The specific implementation mode of the double-layer optimization algorithm is as follows:
for training of a model, sampling a state S in an actual operation scheduling scene of a power grid real Prize r real And action A real The composed data example carries out offline training on the model, and calculates the action predicted value A output by the strategy model pred And action realism value A in data instance real The error between as a function of the loss of the policy model:
then dividing the data set into a training set and a verification set according to a certain proportion, and correcting the loss functions of the strategy model and the rewarding distribution model as follows:
wherein,and->Error of the strategy model on the verification set and the test set, phi and theta are parameters of the strategy model and the rewarding distribution model, gamma is total length of the decision sequence, lambda is weight factor of the regular term, and for improving training efficiency of the model, the outer layer optimization target is approximately replaced by the following method:
(1) The outer layer optimization target is approximately replaced by one-step gradient approximation:
(2) A step degree is unfolded through a chain type derivation rule:
(3) The vector product of the first and second order gradients is further replaced by taylor expansion:
the invention has the technical effects that:
by inputting state and rewarding feedback from the power grid environment, a power adjustment and topology adjustment scheme of the power grid system is generated efficiently in real time, scheduling decisions are assisted by human experts, safe and stable operation of the power grid system is realized, and scheduling decision cost and energy consumption are reduced.
In particular, has the following advantages:
1. and a causal self-attention-based transducer model is used as a decision network to establish deep association and long-sequence dependence among power grid environment states, scheduling strategies and rewarding feedback, so that unstable challenges such as instability and power demand fluctuation of the novel power system are overcome.
2. Based on the offline data driving model training, the high dependence of the online training process on the power grid environment interaction is avoided, and the scheduling strategy of the power grid system is explored in a more efficient and stable mode.
3. And carrying out self-adaptive redistribution on the reward signals delayed by the grid system through a reward distribution network, reconstructing the reward feedback of the grid environment delay sparseness through more reasonable reward distribution, assisting in strategy model learning and decision making, and optimizing the learning efficiency of the strategy model.

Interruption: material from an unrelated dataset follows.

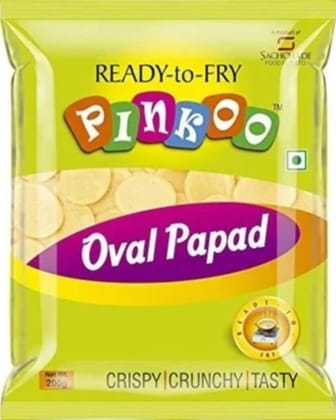 Pinkoo oval papad pack of 5 (5×200gm)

4. And decoupling the scheduling strategy problem and the rewarding distribution problem by designing a double-layer optimization algorithm so as to ensure the training efficiency of the strategy model and the rewarding distribution model.
Drawings
FIG. 1 is a causal self-attention model based grid intelligent decision method framework;
FIG. 2 rewards distribution network;
FIG. 3Transformer policy network architecture;
Detailed Description
The following is a preferred embodiment of the present invention and a technical solution of the present invention is further described with reference to the accompanying drawings, but the present invention is not limited to this embodiment.

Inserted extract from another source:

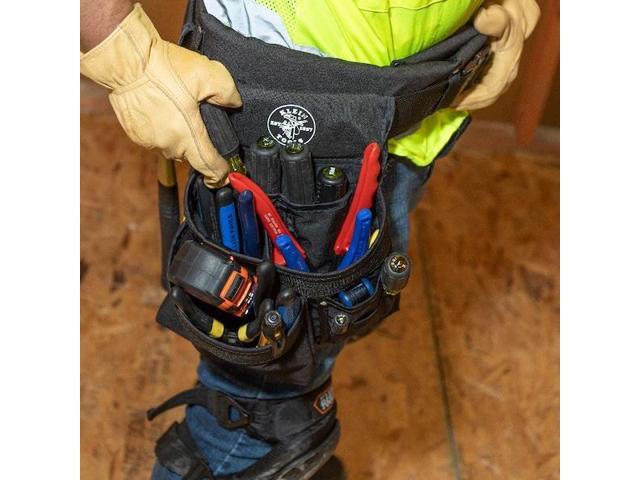 KLEIN TOOLS 5709XL Tool Belt, Tool Belt, Black, Nylon, 11 Pockets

The invention provides a power grid operation adjustment method based on a generated decision model. And constructing a strategy model based on a causal self-attention mechanism, and carrying out self-adaptive reassignment on the reward signals by means of a reward distribution network. On the basis, the strategy network and the rewards distribution network are updated and optimized in an efficient and alternative mode through a double-layer optimization algorithm.
The transducer model was chosen as the decision model for our causal self-attention mechanism. The transducer model is a neural network model based on an attention mechanism, which learns the relationship between different positions in an input sequence through a multi-head self-attention mechanism, so as to realize modeling and prediction of the sequence. The transducer model was originally used for natural language processing tasks such as machine translation, and then significant results have been achieved in the fields of computer vision, speech recognition, and the like. The Tma model has a great potential in scheduling decision tasks in a continuous power grid system with long time-space dependence because of the natural advantage of the Tma model for long decision sequence processing based on a self-attention sequence modeling mechanism.
Causal self-attention model-based intelligent power grid decision-making method framework
The framework adopted by the invention is shown in figure 1, and comprises two large modules, namely a power grid dispatching model and a power grid simulation environment, wherein the power grid dispatching model is responsible for generating a dispatching strategy of a power grid system in real time, and the power grid simulation environment simulates the actual running condition of the power grid, and carries out simulation calculation in real time according to the dispatching strategy and random events. The interaction of the grid scheduling model and the grid simulation environment mainly extends around three concepts of state, action and rewards.
(1) Status: in a power system dispatching task, a state is defined as S= (X, T), wherein X is an attribute state and represents the active power P, the reactive power Q, the voltage V and other attributes of each element such as a generator, a load, energy storage, a network cable and the like in a power grid system, and the power system further comprises other information such as network cable loss, motor maintenance, shutdown faults and the like; t represents a topological structure of a power grid system at a certain moment;
(2) The actions are as follows: in the power system dispatching task, the action represents a quantitative dispatching strategy of the power grid system, which is expressed as A= (delta P, delta T), wherein delta P represents adjustment of power of each unit of the power grid system, and delta T represents adjustment of topology structure of the power grid system;
(3) Rewarding: in the power grid simulation environment, the comprehensive real-time evaluation of the scheduling strategy is performed in a form of rewarding the numerical feedback based on the running state of the power grid system by integrating a plurality of aspects such as environmental protection, economy, safety and the like. The bonus function of the present system is defined as follows, where r a To r e Respectively represents line crossing punishment, new energy consumption punishment, unit operation cost punishment, balance unit out-of-limit punishment, reactive power out-of-limit punishment and node voltage line crossing punishment, wherein punishment represents that the punishment is negative, and a a To a e Weight coefficients representing rewards.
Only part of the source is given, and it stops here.